The ‘Father of British Judo’ was Gunji Koizumi, a Japanese expert who first came to Britain in 1906 and founded the first Judo club in the country, the Budokwai, in London, in 1918. Koizumi was a legend in the sport who at that time had advanced to 6th dan black belt, a grade unimaginable for any European. When Jerry Hicks invited him to visit Cotham Grammar School, the boys couldn’t believe their good fortune.

The venerable oriental guru couldn’t have contrasted more with their local idol. Beside Jerry Hicks, Gunji Koizumi, at the age of about 70, looked like a little frail old gentleman. He conducted a class and put the boys through standard exercises, adding words of advice and encouragement as appropriate. Then came the time for randori, or free practice, in which pairs of judoka engaged in friendly competition. Gunji stood watching the class with Jerry by his side. Then Jerry plucked up the courage to ask the great man to practice with him. At this, the mat cleared to give room to the seniors. The old man smiled shyly, ‘I don’t know if I’m any good,’ he said.

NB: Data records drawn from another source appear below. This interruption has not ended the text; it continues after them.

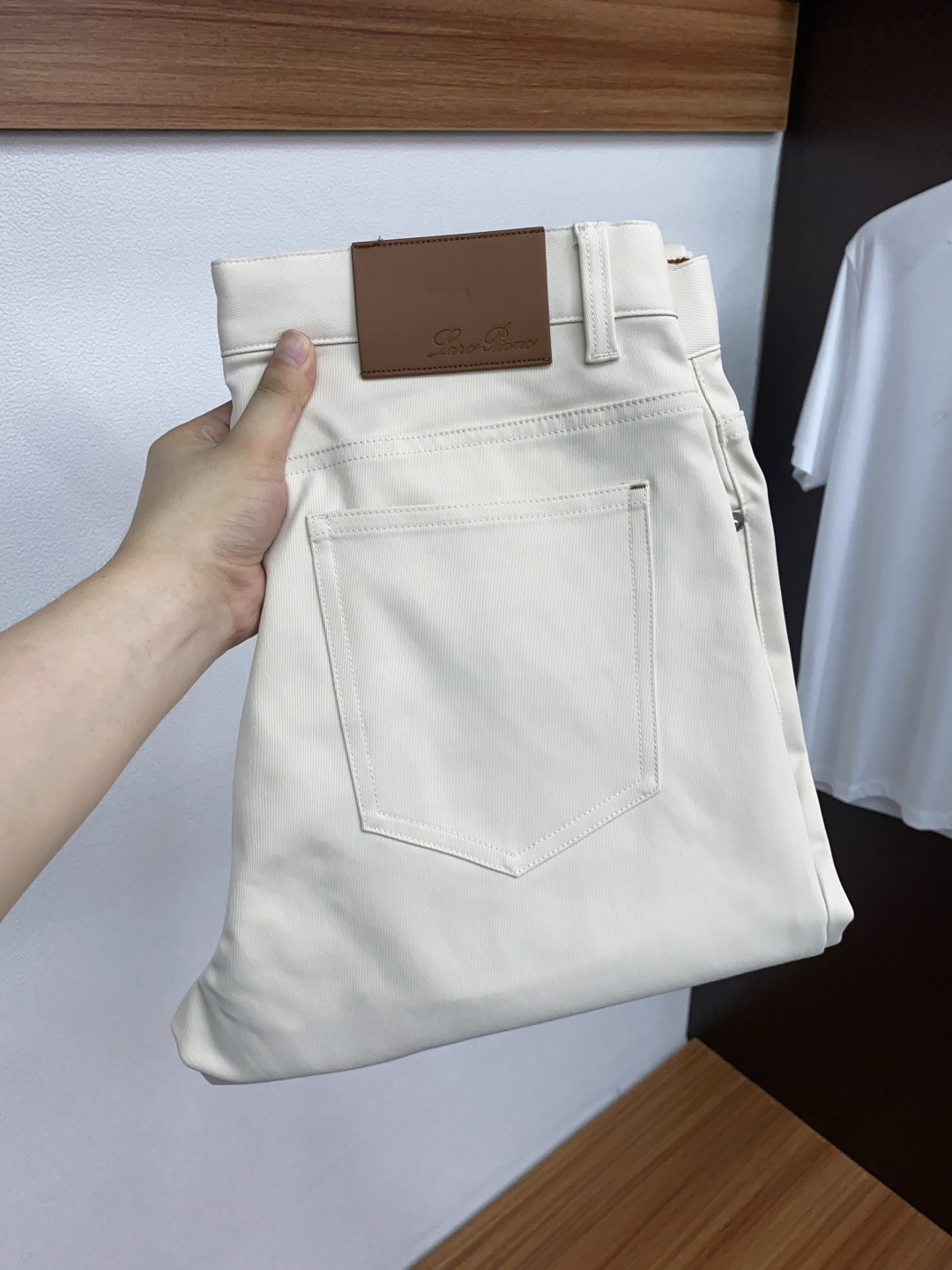 Loro piana 诺悠翩雅 秋冬新款五袋休闲裤 干净利落剪裁，都市风十足 采用精纺面料手感软糯干爽，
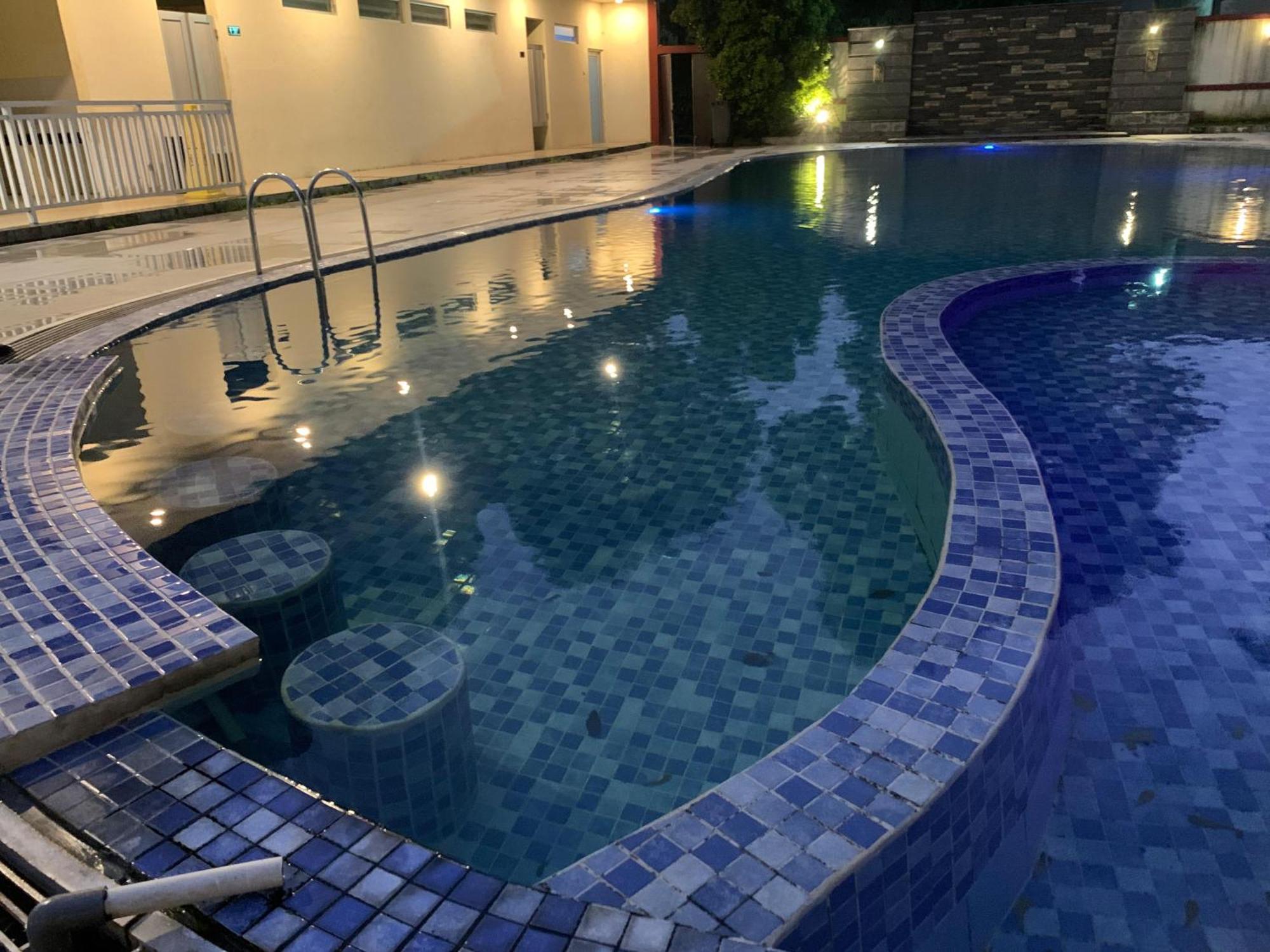 Enhaii Hotel Bandung Exterior foto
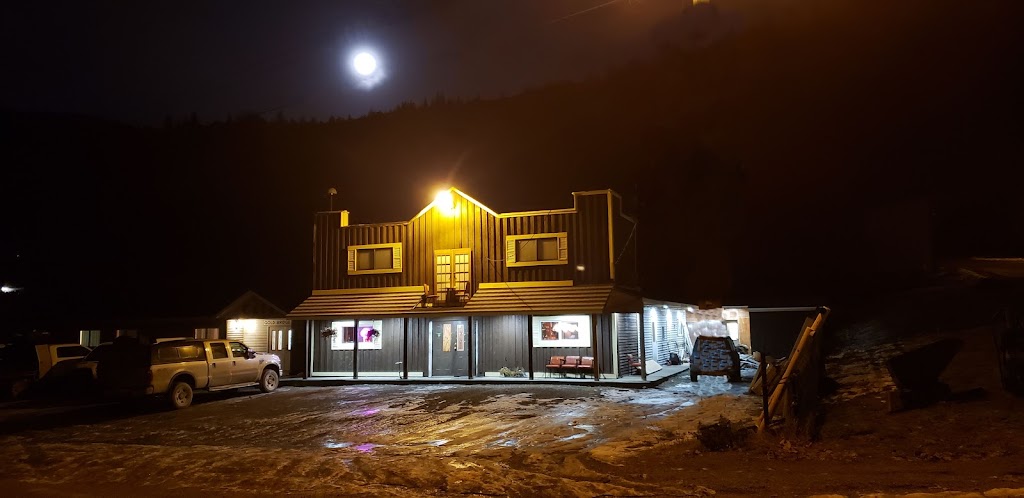 Gold Bridge Hotel | 6 Fergusson Ave, Gold Bridge, BC V0K 1P0, Canada | Phone: (250) 238-2343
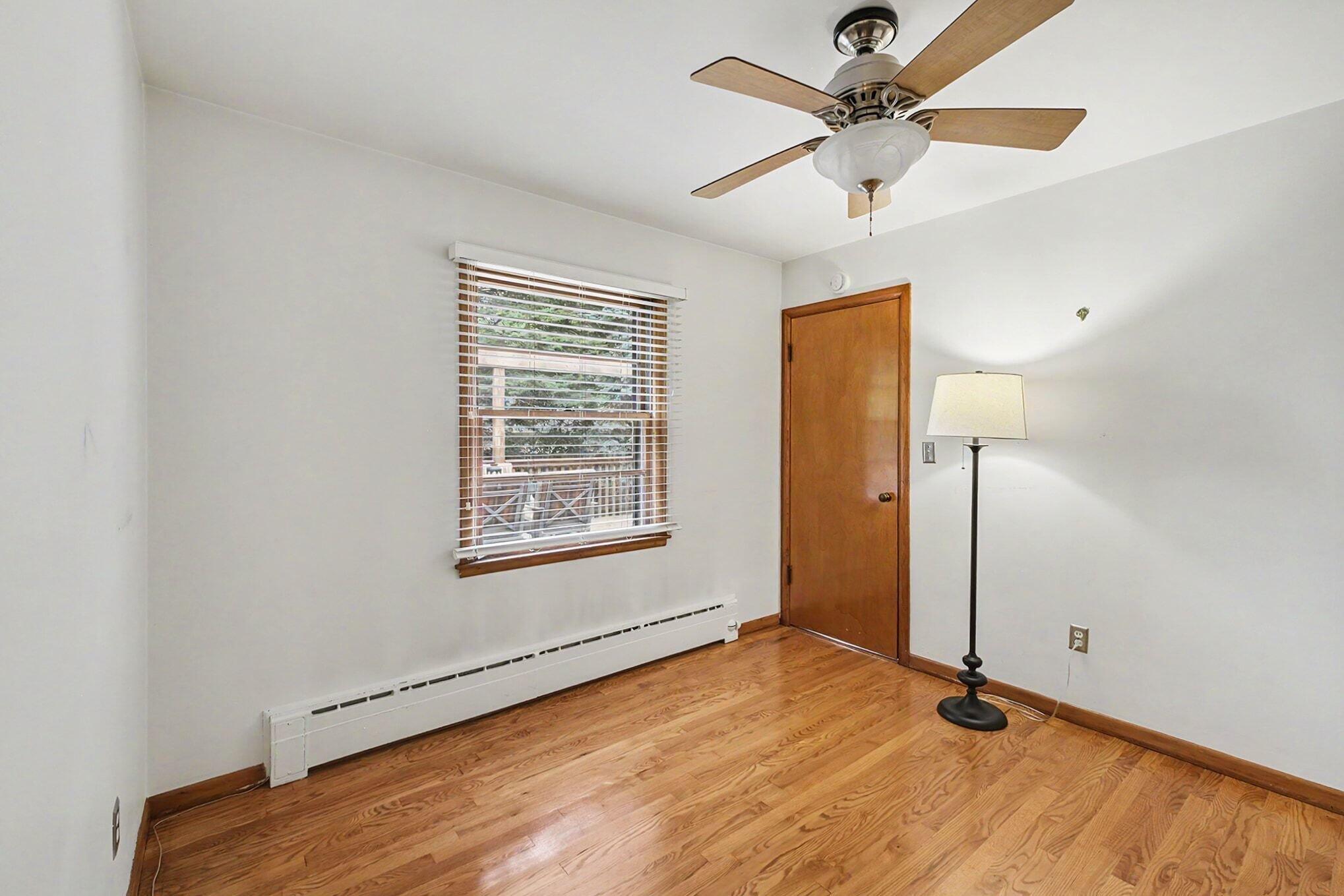 2162 Finsbury Lane NW Grand Rapids MI 49504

There couldn’t have been a more unequal contest. Jerry tugged and heaved with all his great strength but Koizumi reacted like a heavily-loaded trolley. However hard he was pushed or pulled he moved only smoothly and partially in that direction, maintaining perfect balance. The boys began to wonder if they would see any other action. Then with a swift fluid movement Jerry hit the mat with a resounding break-fall, and proceeded to practice his break-falls for the next few minutes, until with a formal bow the two men gave the mat back to the boys. Judo at Cotham and in Bristol had been shown where it stood on a global scale.